*** Begin section ***

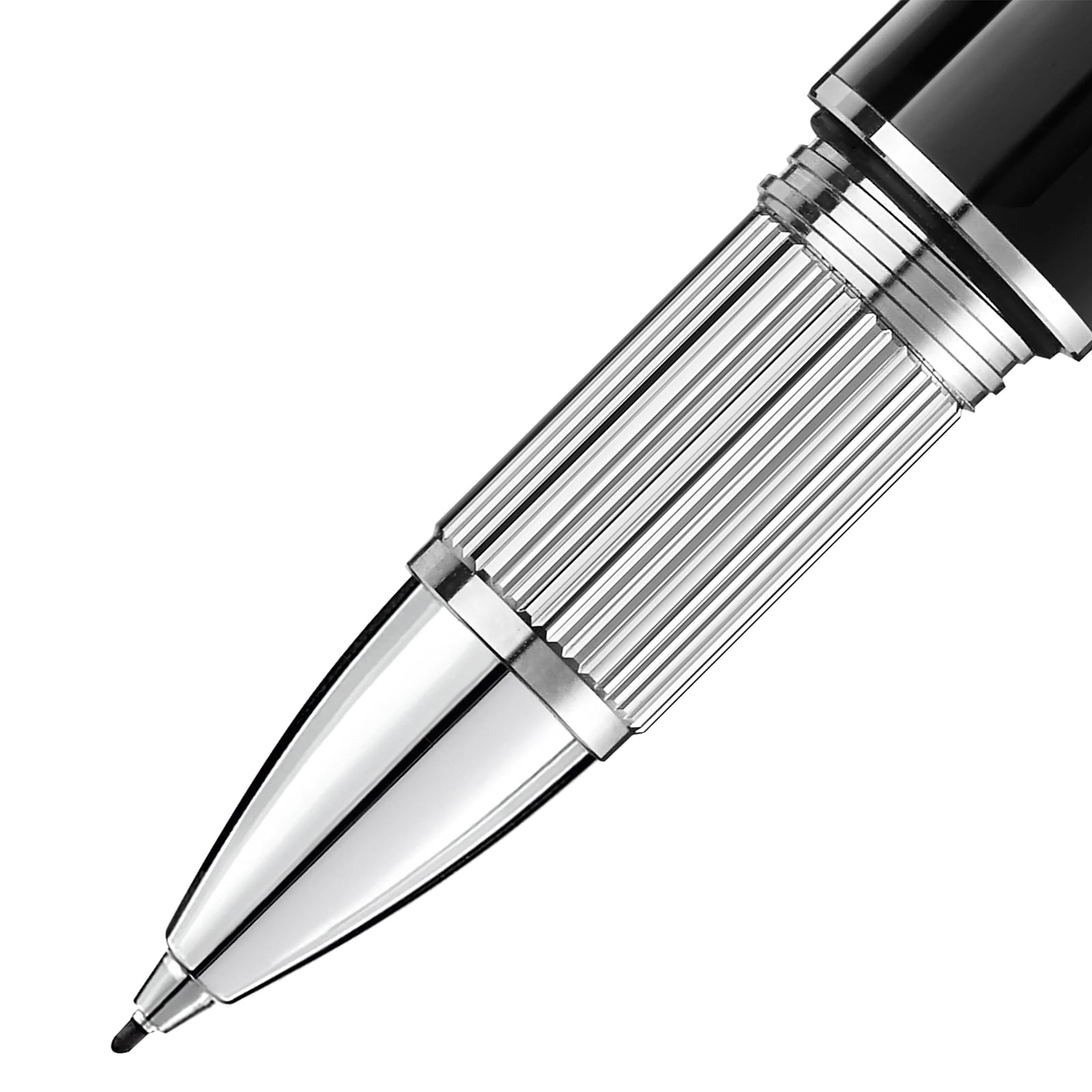 Montblanc StarWalker Doué Fineliner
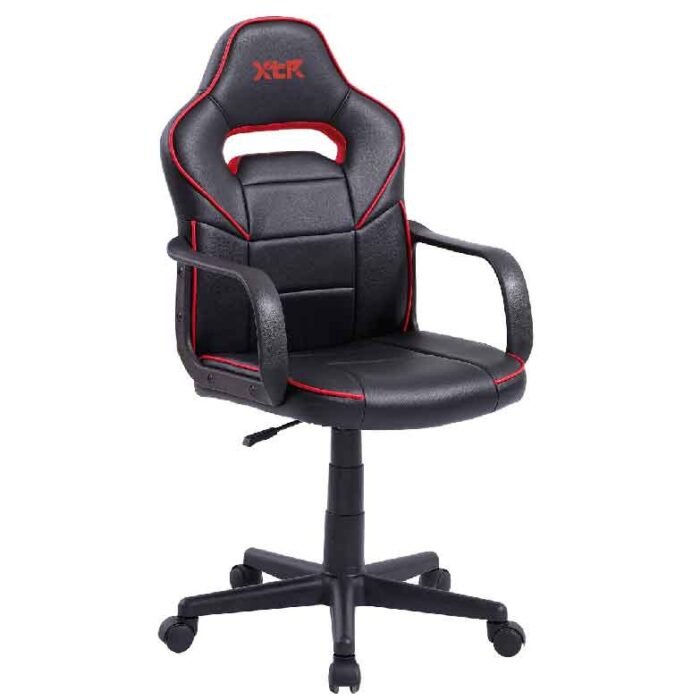 cadeira-gamer-vermelha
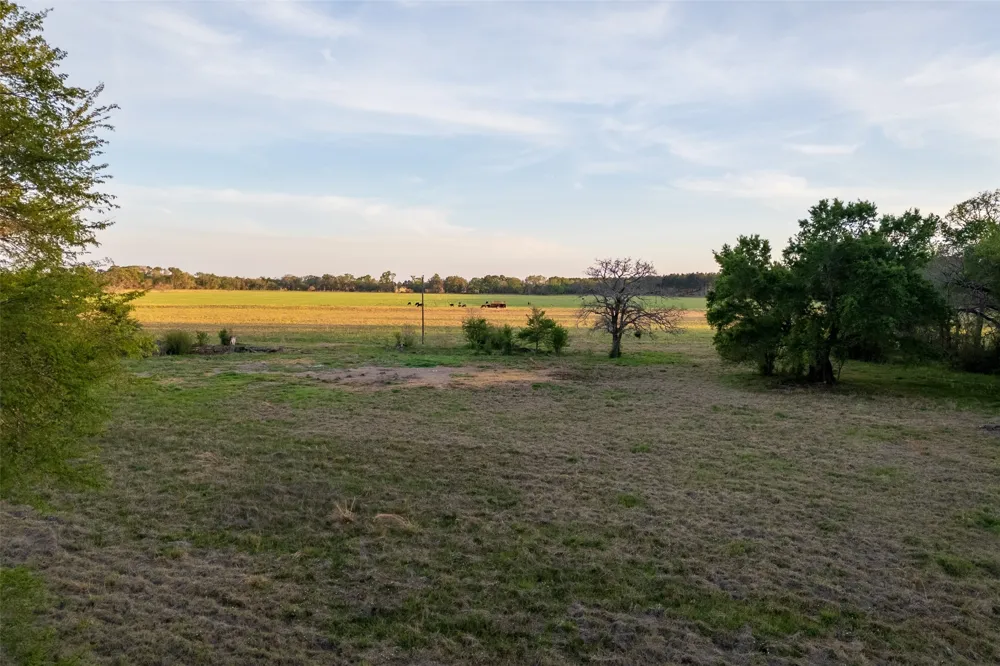 County Rd 117 Elkhart, TX 75839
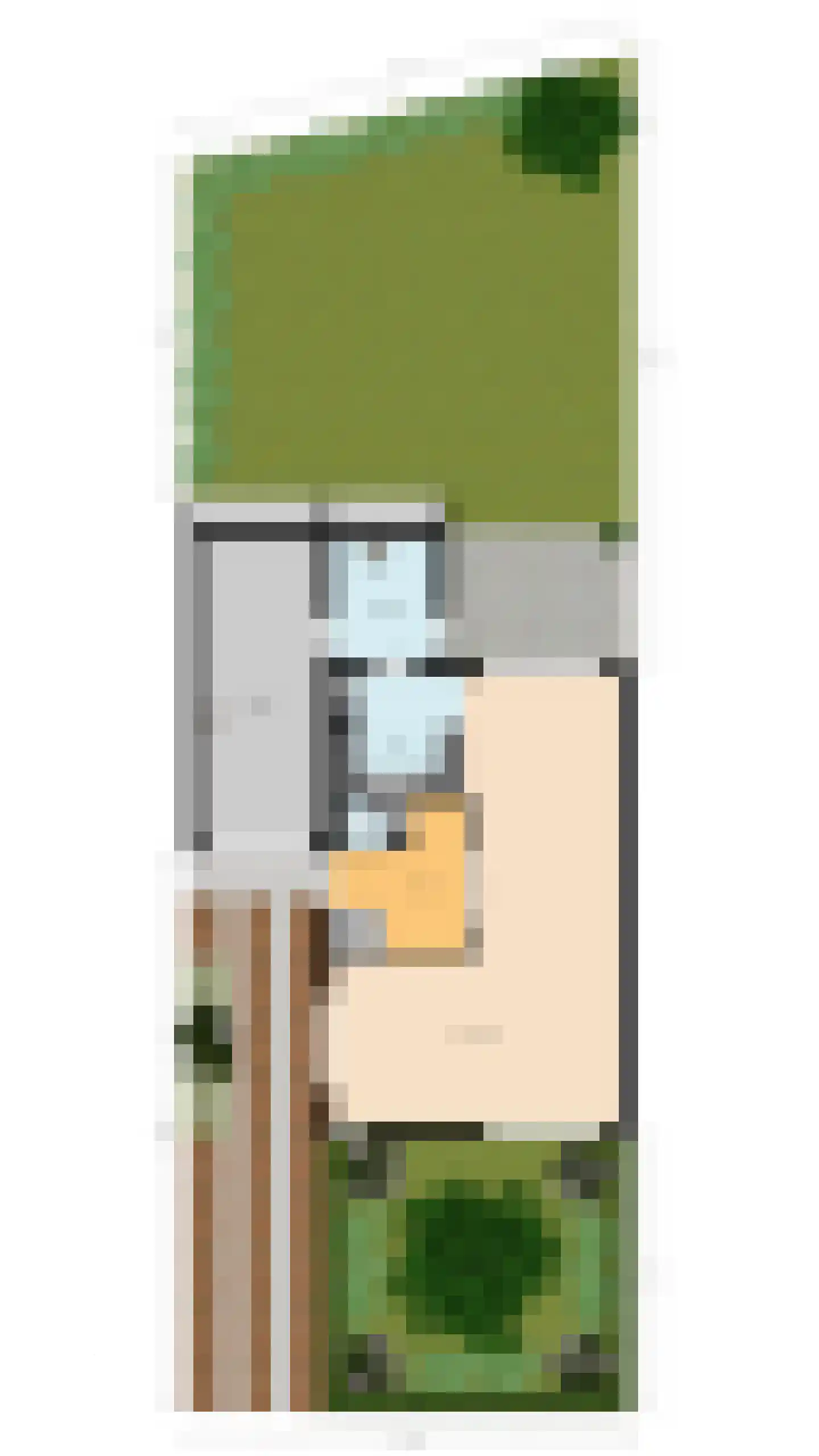 Roucooppark 25 Voorschoten thumbnail 46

*** End section ***

**YOUR ASSIGNMENT**
Produce an exact copy of the lines from the line containing "cadeira-gamer-vermelha" to the end of the material, both ends included, and omit every picture.

**WRITTEN ANSWER**
 cadeira-gamer-vermelha
 County Rd 117 Elkhart, TX 75839
 Roucooppark 25 Voorschoten thumbnail 46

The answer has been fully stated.